▶ **Task item**
Could you repeat the entries below exactly, but only from the line with "Scarpe da lavoro" through the line with "A large pink", and without any picture?

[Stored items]

=== Begin Enclosure ===

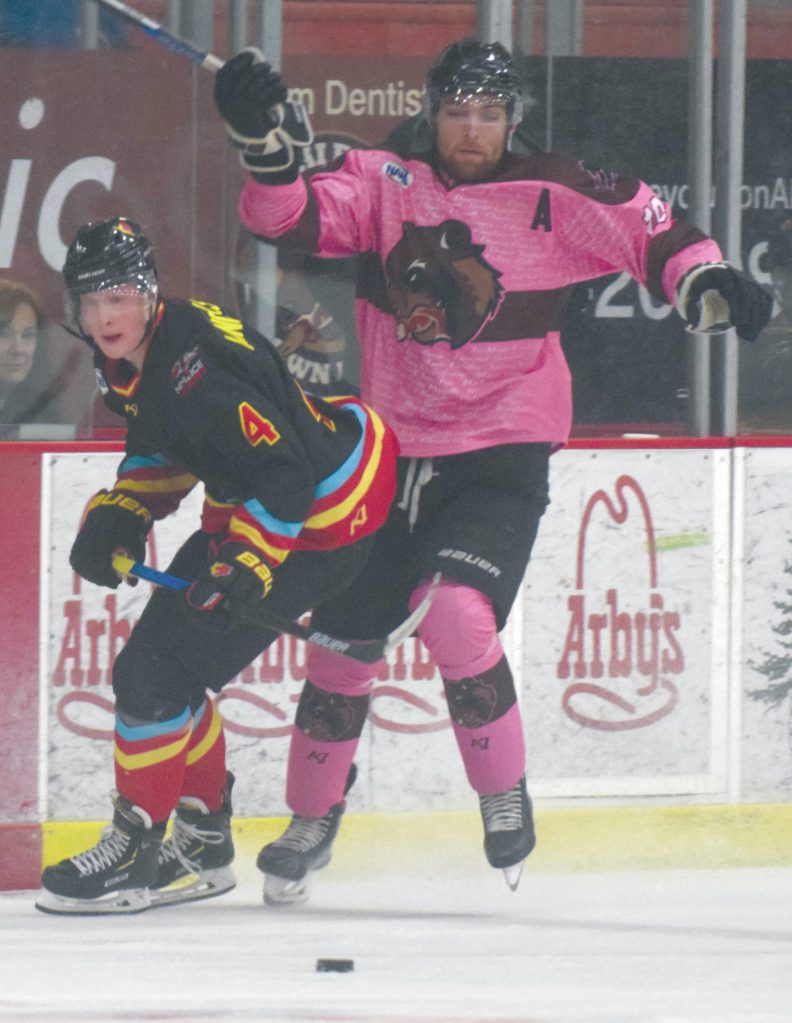 Kenai River Brown Bears forward Laudon Poellinger jumps past New Mexico Ice Wolves defenseman Keegan Langefels on Friday, Jan. 24, 2020, at the Soldotna Regional Sports Complex in Soldotna, Alaska. (Photo by Jeff Helminiak/Peninsula Clarion)
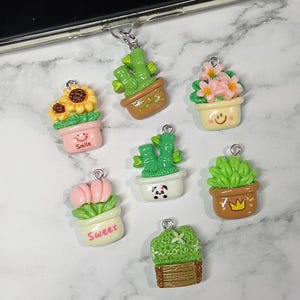 May include: A selection of miniature plant charms, each in a small pot. The charms feature sunflowers, cacti, and flowering plants in various colours. Some charms have the words "Smile" and "Sweet" on them.
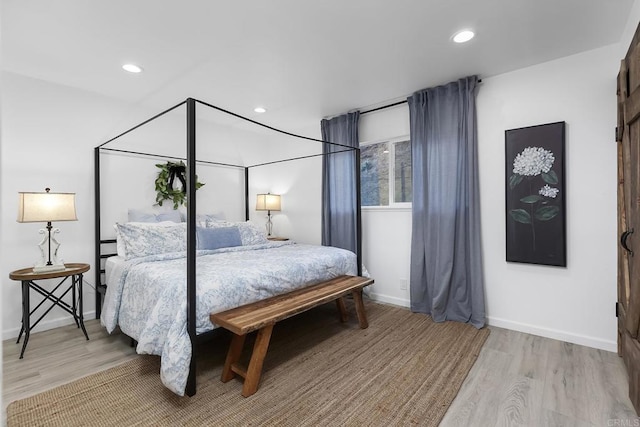 bedroom featuring light hardwood / wood-style flooring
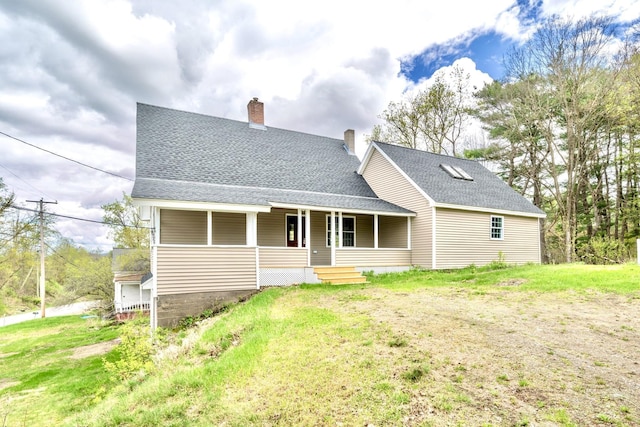 back of house with covered porch, a chimney, and roof with shingles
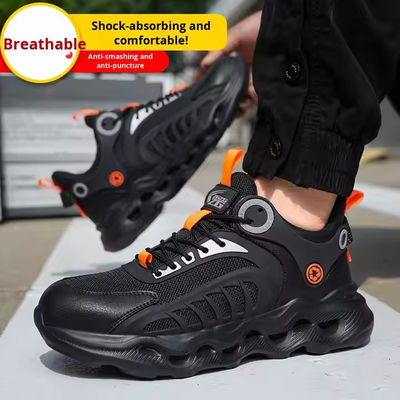 Scarpe da lavoro in maglia volante TPU con suola in EVA per la sicurezza industriale, intersuola in Kevlar, punta in acciaio, anti-perforazione e anti-schiacciamento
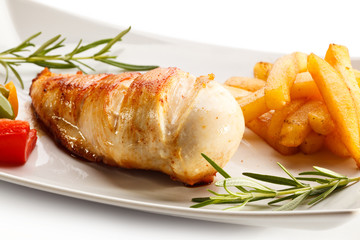 Grilled chicken breast, French fries and vegetables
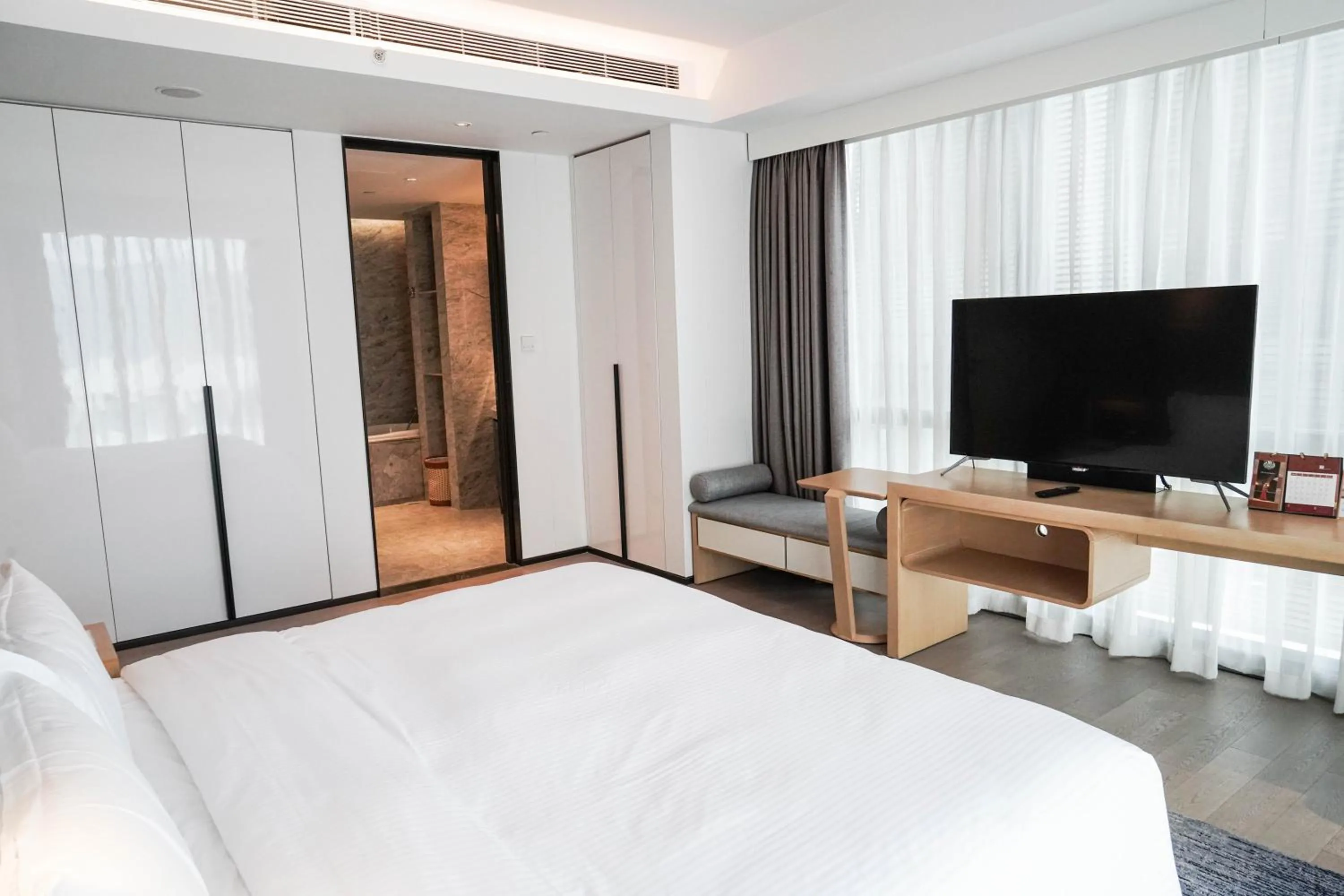 Bed in Ascott Raffles City Chongqing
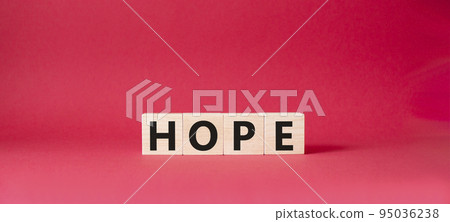 Hope symbol. Concept word Hope on wooden cubes. Beautiful red background. Business and Hope concept. Copy space. Hope symbol. Concept word Hope on wooden cubes. Beautiful red background. Business and Hope concept. Copy space. 95036238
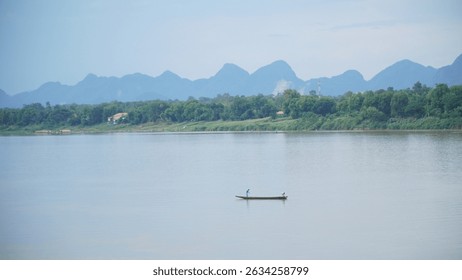 Monks collecting alms during the Tak Bat ceremony at dawn, captured in low light with a wide aperture.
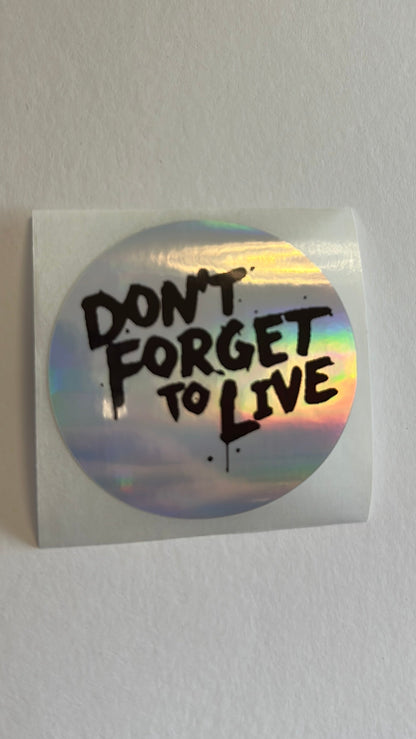 Sticker with 'Don't Forget to Live' text on a white surface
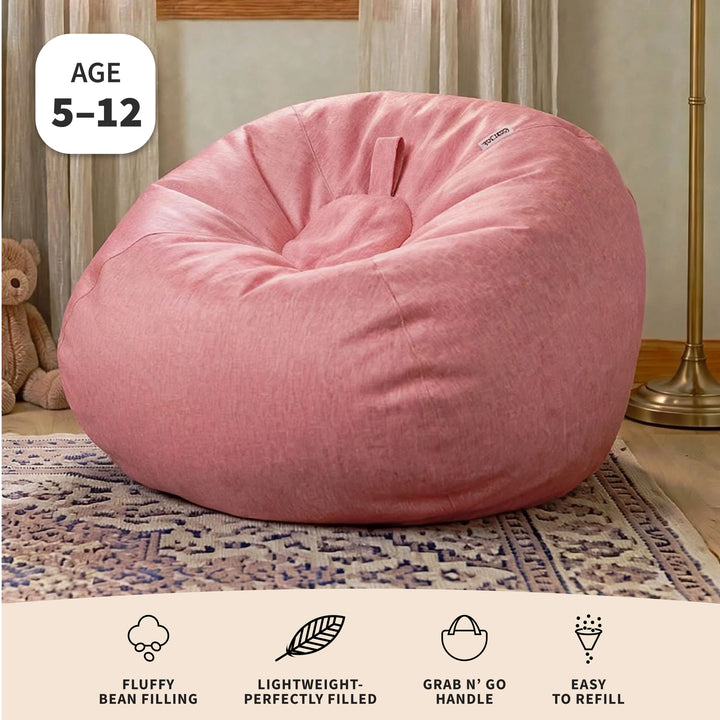 A large pink bean bag chair in a styled room setting with a rug, floor lamp, and teddy bear visible, plus text overlays indicating age 5-12 and product features.  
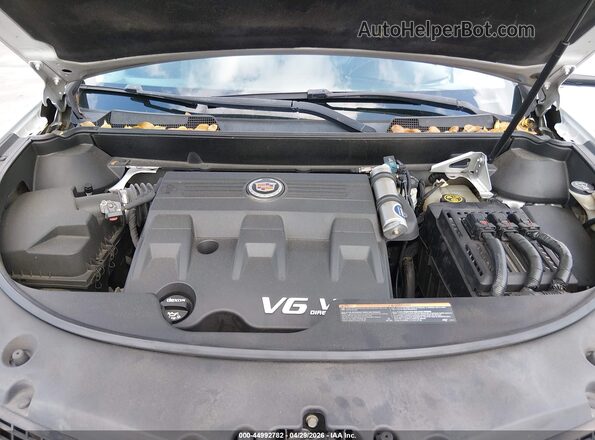 3GYFNCE36GS563244 2016 CADILLAC SRX Серебряный Вид сзади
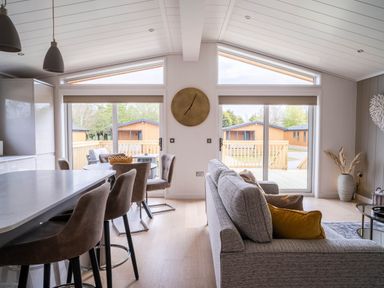 A living room with a sofa and dining area at The Luxury Escape in Waltham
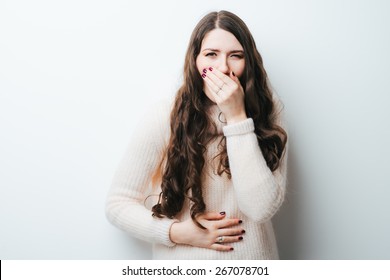 On A White Background A Young Girl With Long Hair Nausea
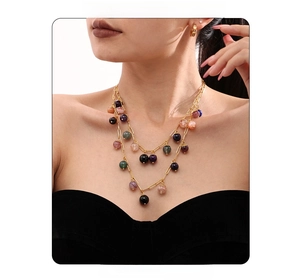 Close-up of a model wearing double-layered gold chains with colorful natural stone beads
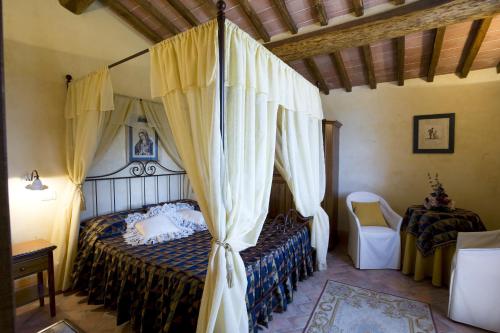 a bedroom with a canopy bed and a chair at Agriturismo Il Macchione in Pienza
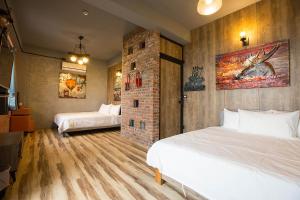 a bedroom with two beds and a brick wall at Yi Suo Yen Yu Homestay in Chenggong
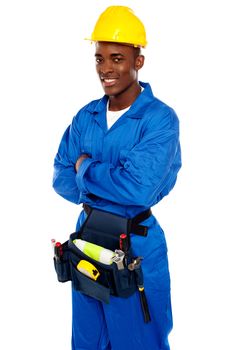 Smiling african worker posing with arms crossed isolated on white background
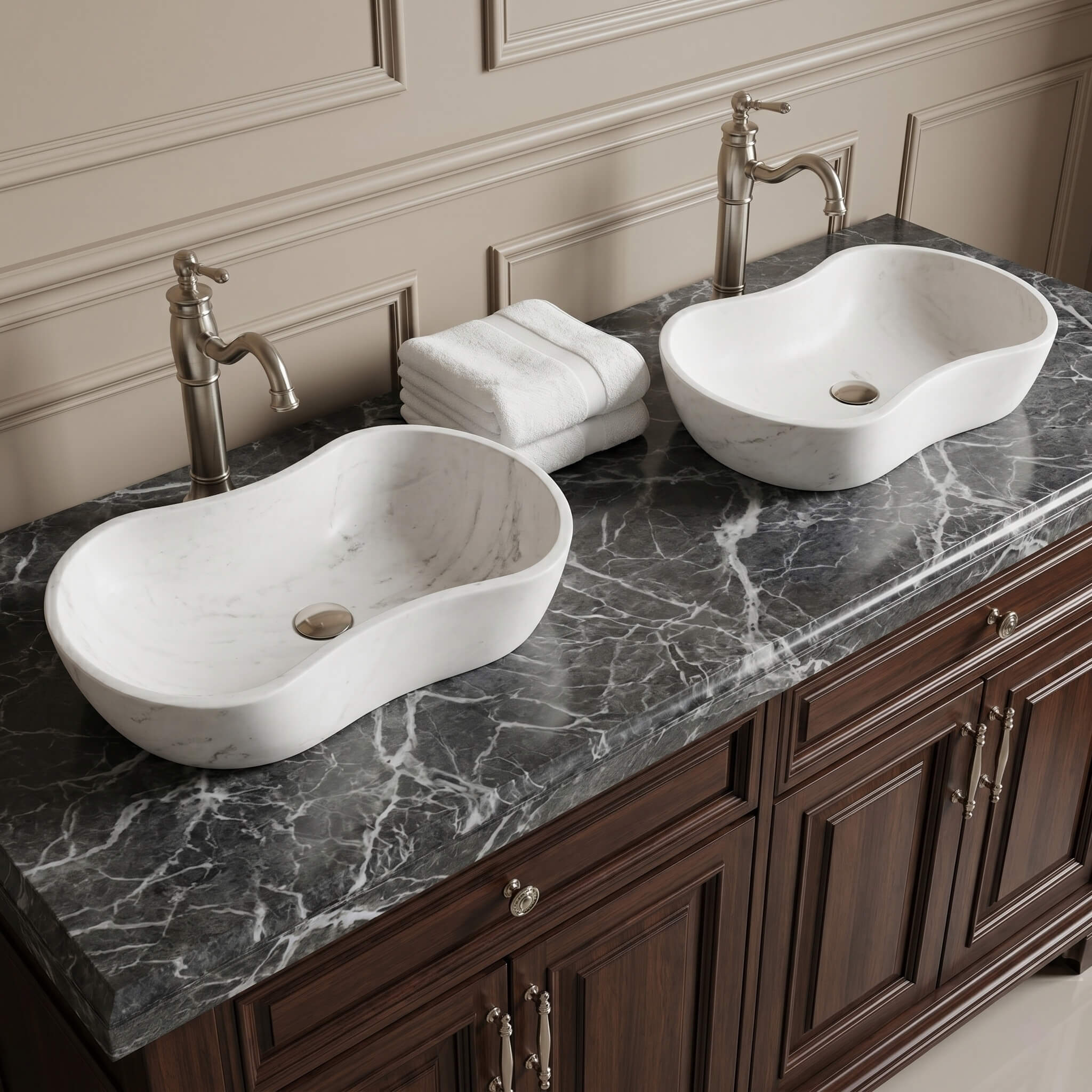 Two Snow Mountain White wavy marble vessel sinks with a honed finish installed on a dark gray veined marble vanity top with brushed nickel faucets in a classic American style master bathroom.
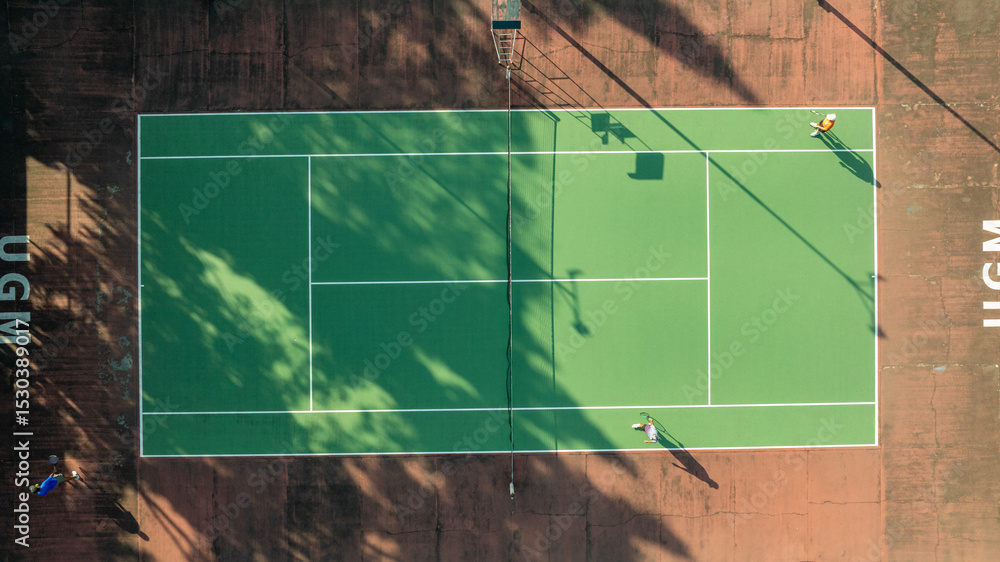 Obraz premium Aerial View of a Tennis Court Game in Progress at UGM, Shadows Dancing on Green Surface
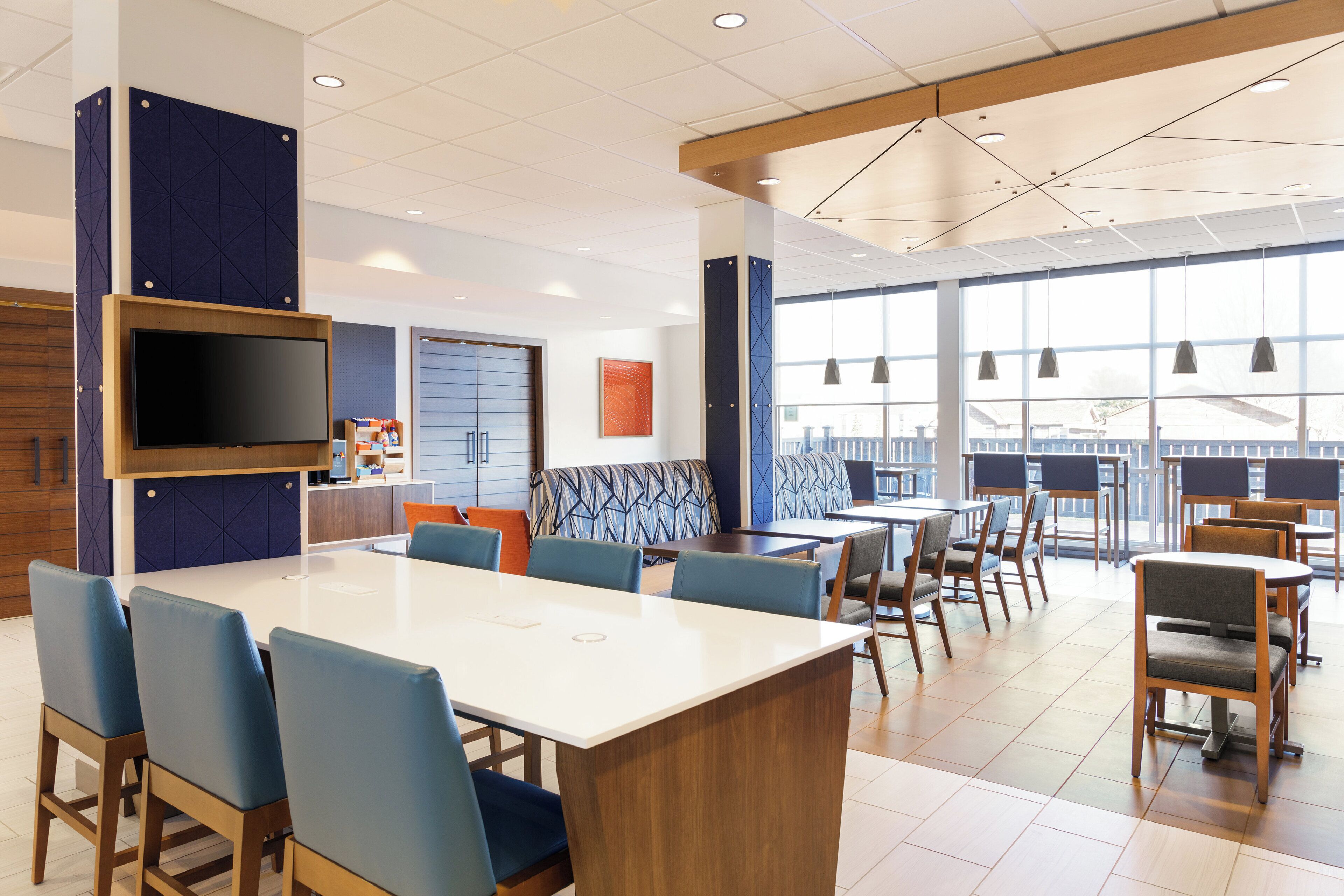 A modern hotel lobby with a large dining area, a flat-screen TV, and large windows.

=== End Enclosure ===

▶ **Response**
 Scarpe da lavoro in maglia volante TPU con suola in EVA per la sicurezza industriale, intersuola in Kevlar, punta in acciaio, anti-perforazione e anti-schiacciamento
 Grilled chicken breast, French fries and vegetables
 Bed in Ascott Raffles City Chongqing
 Hope symbol. Concept word Hope on wooden cubes. Beautiful red background. Business and Hope concept. Copy space. Hope symbol. Concept word Hope on wooden cubes. Beautiful red background. Business and Hope concept. Copy space. 95036238
 Monks collecting alms during the Tak Bat ceremony at dawn, captured in low light with a wide aperture.
 Sticker with 'Don't Forget to Live' text on a white surface
 A large pink bean bag chair in a styled room setting with a rug, floor lamp, and teddy bear visible, plus text overlays indicating age 5-12 and product features.  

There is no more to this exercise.